Desde 2017, o STF passou a contar com novos integrantes. Primeiramente, foi o Vitor, robô de inteligência artificial que faz a análise de temas de repercussão geral na triagem de recursos. Depois, veio a Rafa, desenvolvida para integrar a Agenda 2030 da ONU ao STF, por meio da classificação dos processos de acordo com os Objetivos de Desenvolvimento Sustentável definidos pelas Nações Unidas. E, por último, desde maio, veio a Vitória, que identifica os processos que tratam do mesmo assunto e os agrupa automaticamente, identificando “com mais agilidade e segurança processos aptos a tratamento conjunto ou que podem resultar em novos temas de repercussão geral” (conforme o STF).

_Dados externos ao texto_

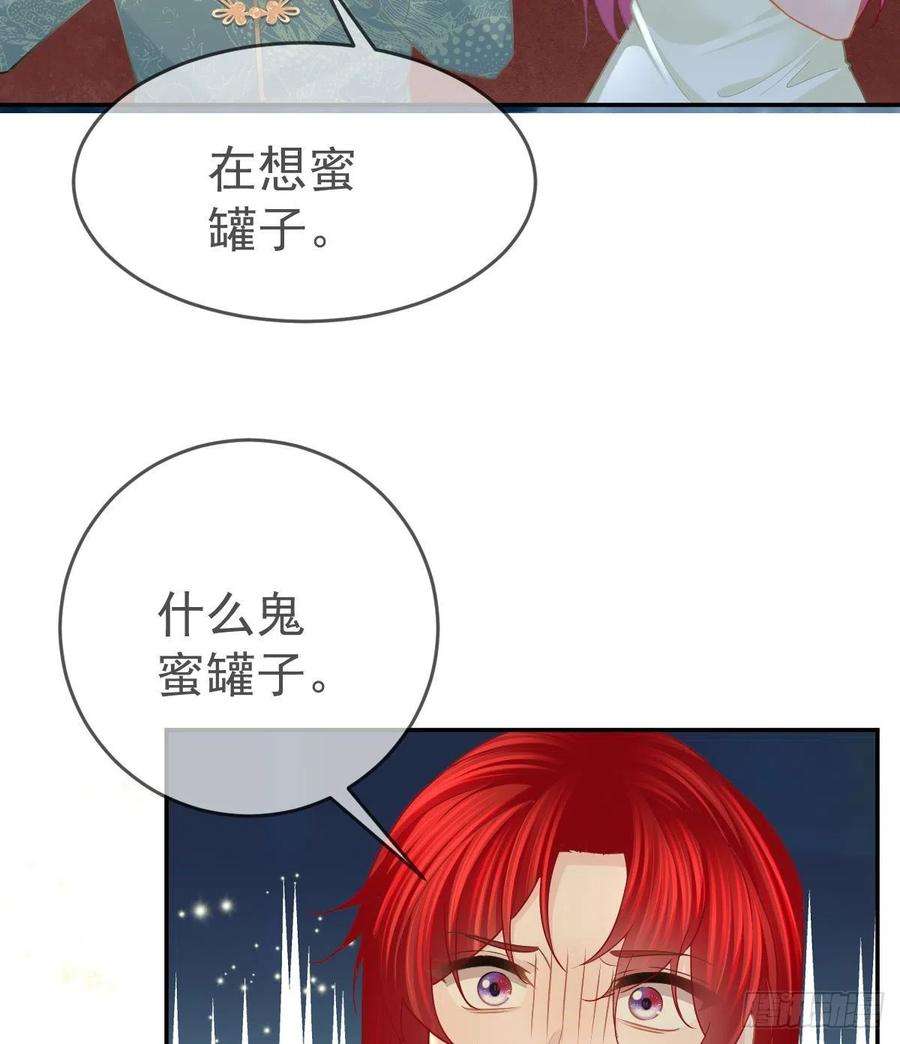 孩子五个爹100话 答应求婚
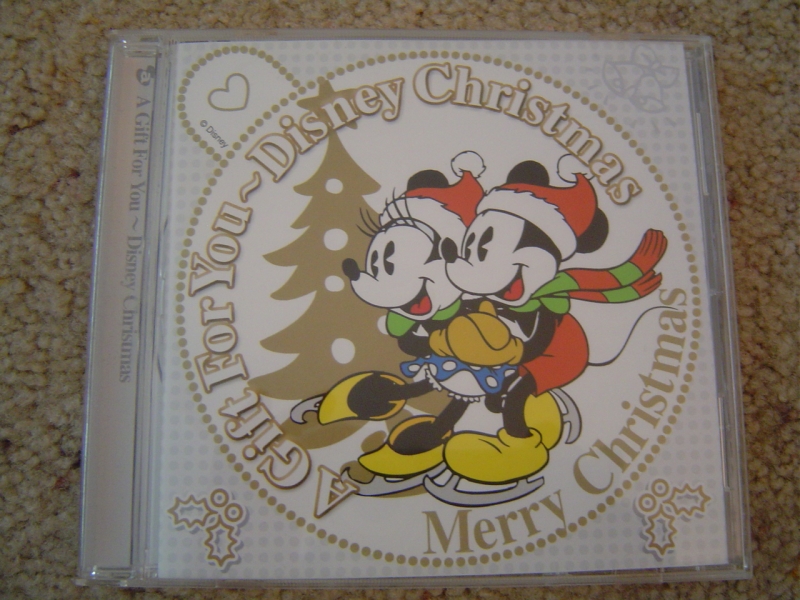 ザ・タワー クリスマスver. 限定版 CD-ROMの+lauserpause.at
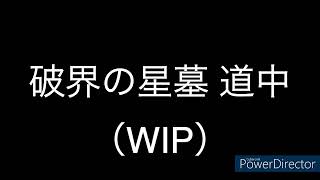 [鉄琴とピアノ] モンスト 破界の星墓 道中BGM（WIP）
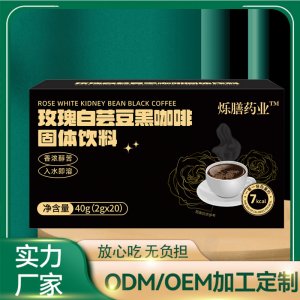 玫瑰白芸豆黑咖啡无蔗糖速溶黑咖啡OEM代加工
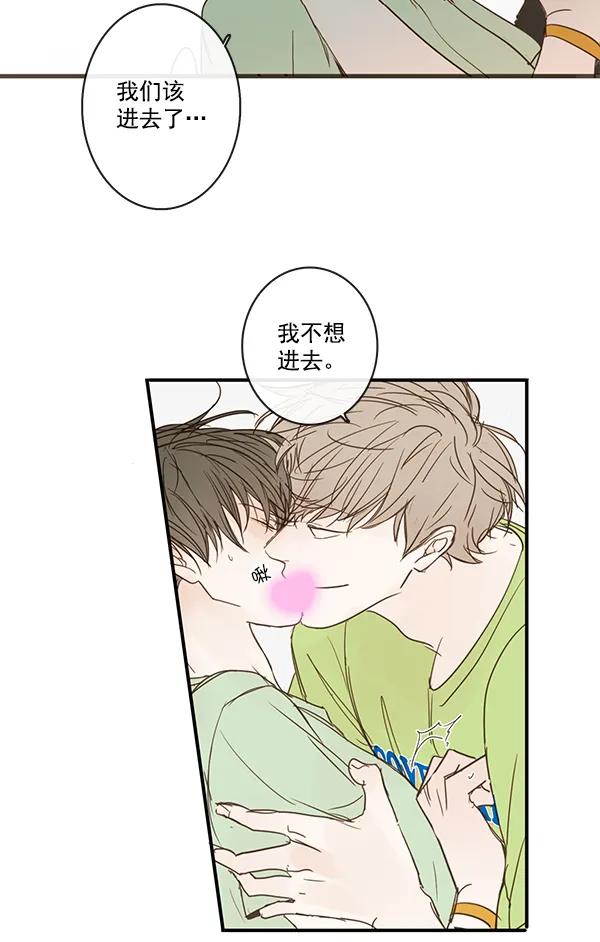 第44话5
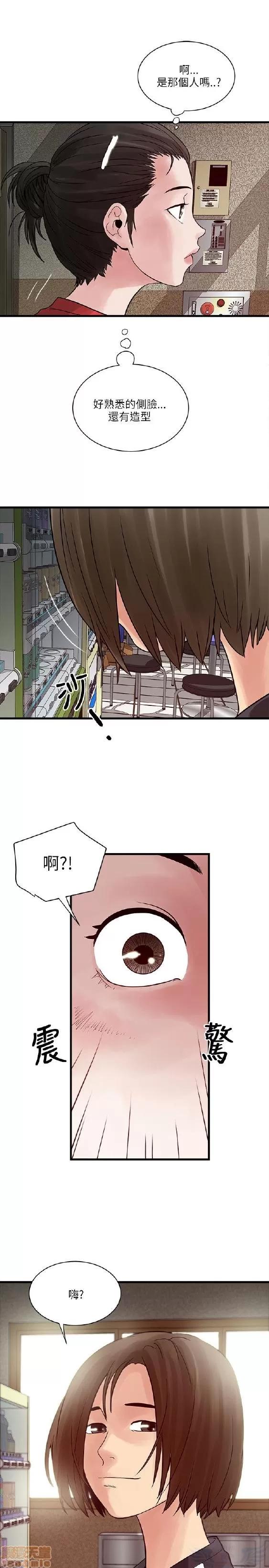 同室房客 安全之家 31-40 END 第35页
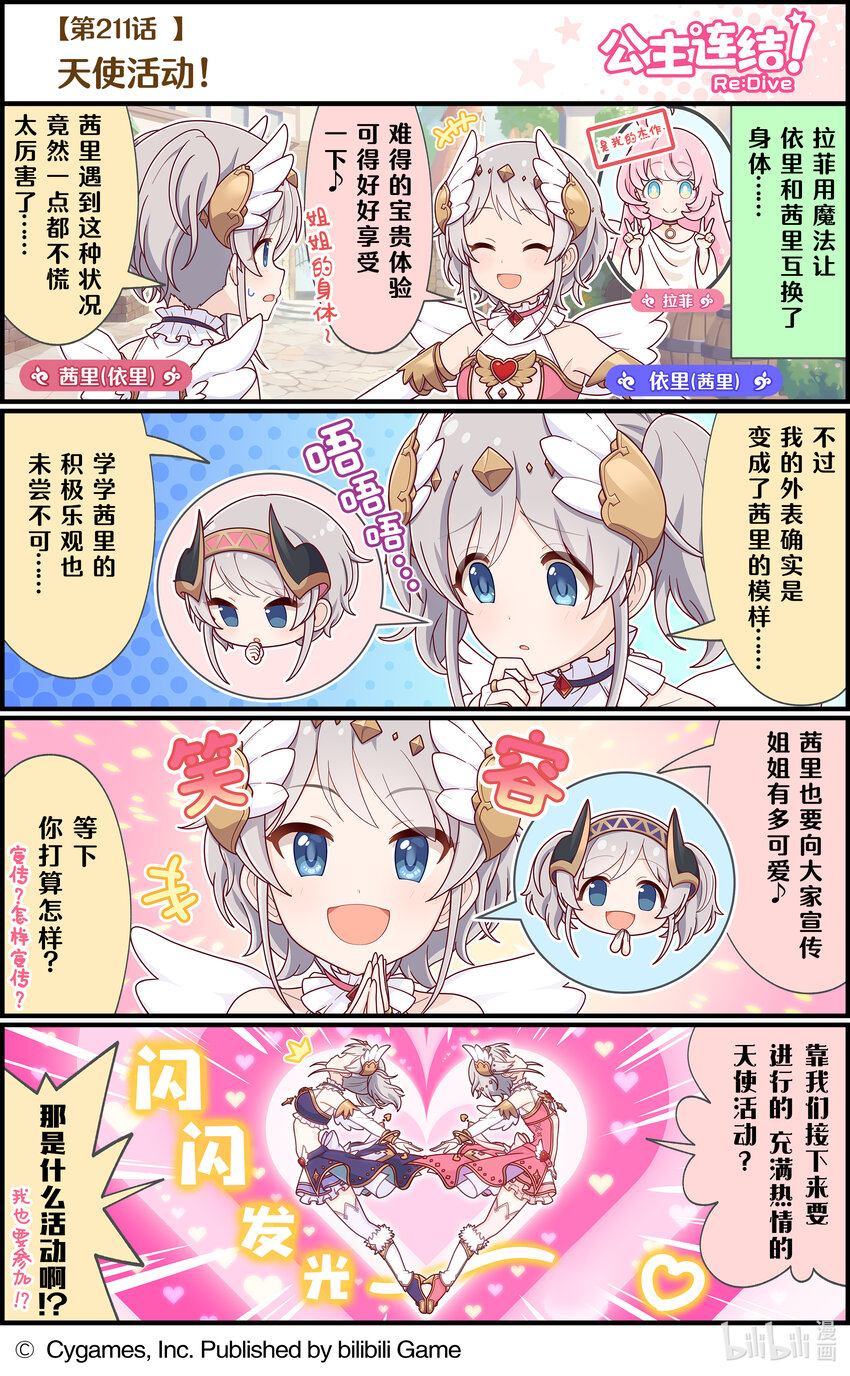 《公主连结ReDive》211 天使活动！ 第1页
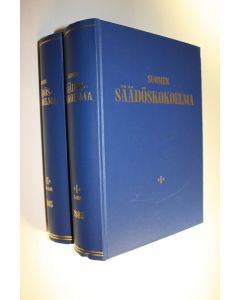 käytetty kirja Suomen säädöskokoelma 1-2 1985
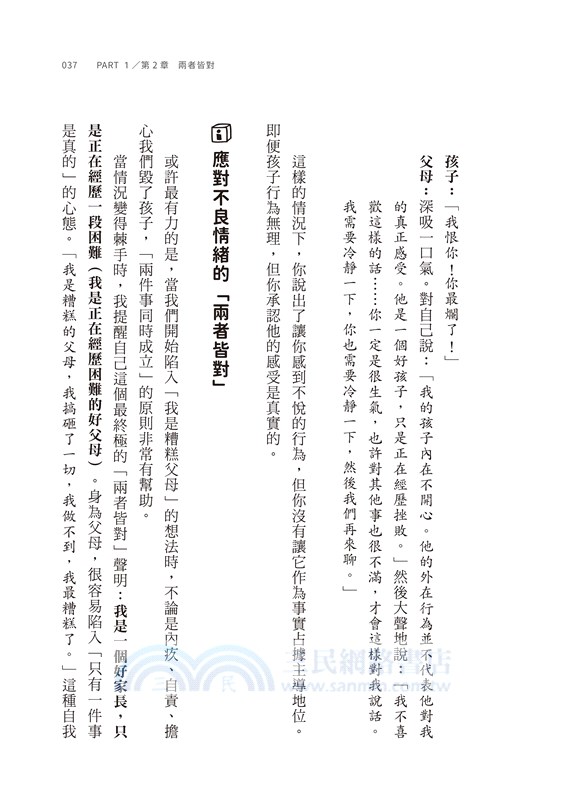 Good Inside教養逆思維：看見孩子脫序行為中的內在需求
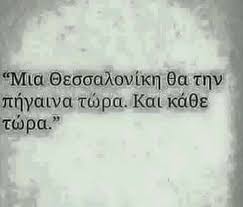Μία από τις πιο ευαίσθητες και. Pin Ston Pinaka Thessaloniki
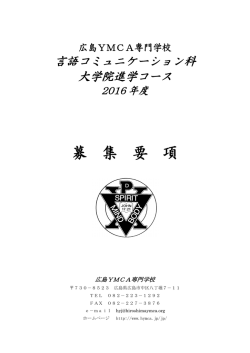 2016年4月 大学院進学コース 入学希望者募集中！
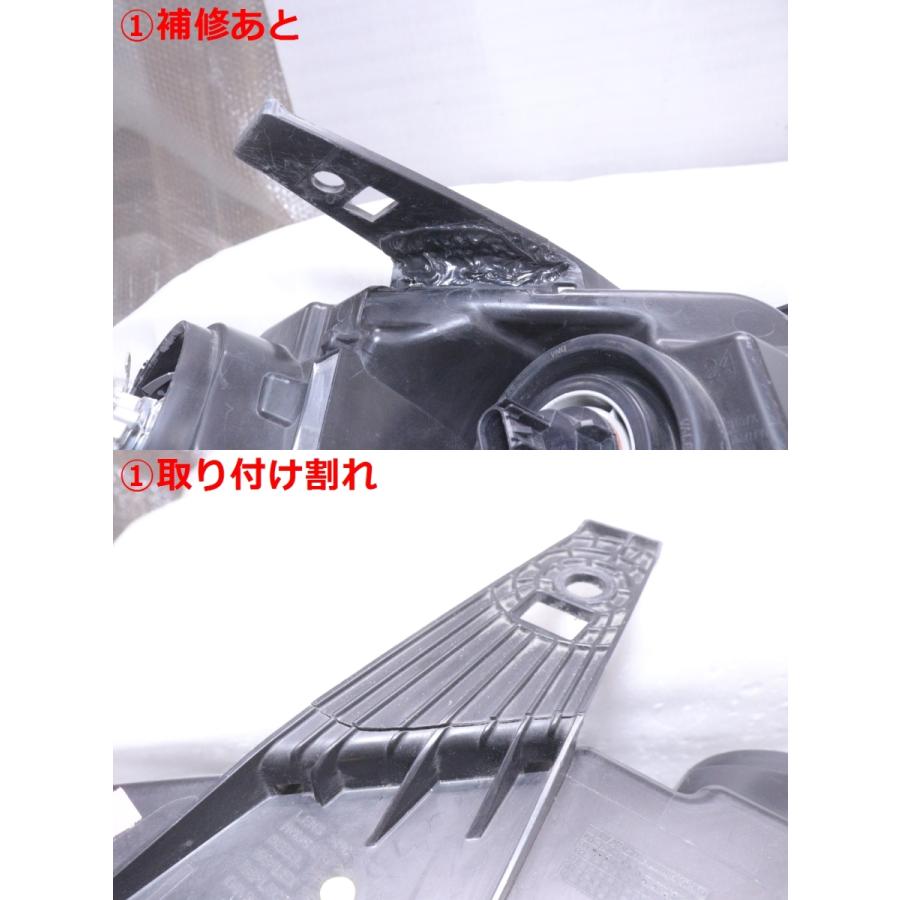 46-580☆【値下】HID MK49 ジープ コンパス☆左右ヘッドライト M149691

Apesar de entender inexorável a tendência ao IA, o fato é que um número significativo de erros tem ocorrido
No primeiro semestre de 2023, o STF proferiu 50.162 decisões, sendo 41.722 monocráticas e 8.440 colegiadas. Um aumento de 63% em relação ao ano anterior, o que causa certa espécie. Primeiramente, pelo quantitativo desumano (ênfase no adjetivo) de processos julgados – em tese – por apenas 11 ministros. Segundo, pelo fato de que mais de 90% desses julgamentos foram monocráticos. Por último, pelo incremento assombroso de decisões, o que dificulta até mesmo o trabalho de revisão. Afinal, ninguém deseja passar por anos de litígio para chegar ao mais alto tribunal do país e ter seu caso julgado monocraticamente, especialmente se esse julgador não for formado em Direito, não tiver passado pela sabatina do Senado e sua base de conhecimento for limitada aos acórdãos da própria Corte.
Apesar de entender inexorável a tendência ao uso de IA (em parte decorrente do desejo do próprio STF de estender sua competência jurisdicional) e parabenizar a iniciativa transformadora, o fato é que um número significativo de erros tem ocorrido, passados seis anos do início desta era. É muito para uma Corte que dá a palavra final. Há temas cuja constitucionalidade foi reiteradamente analisada em plenário (IRPJ sobre juros moratórios e Difal do ICMS, por exemplo), que Vitor e Vitória “entendem” se tratar de matéria infraconstitucional, em erro elementar. Uma mãozinha do genial Calvin seria bem-vinda nessa hora. Sabemos que os novos ministros são trabalhadores, mas ainda lhes falta o notório saber jurídico.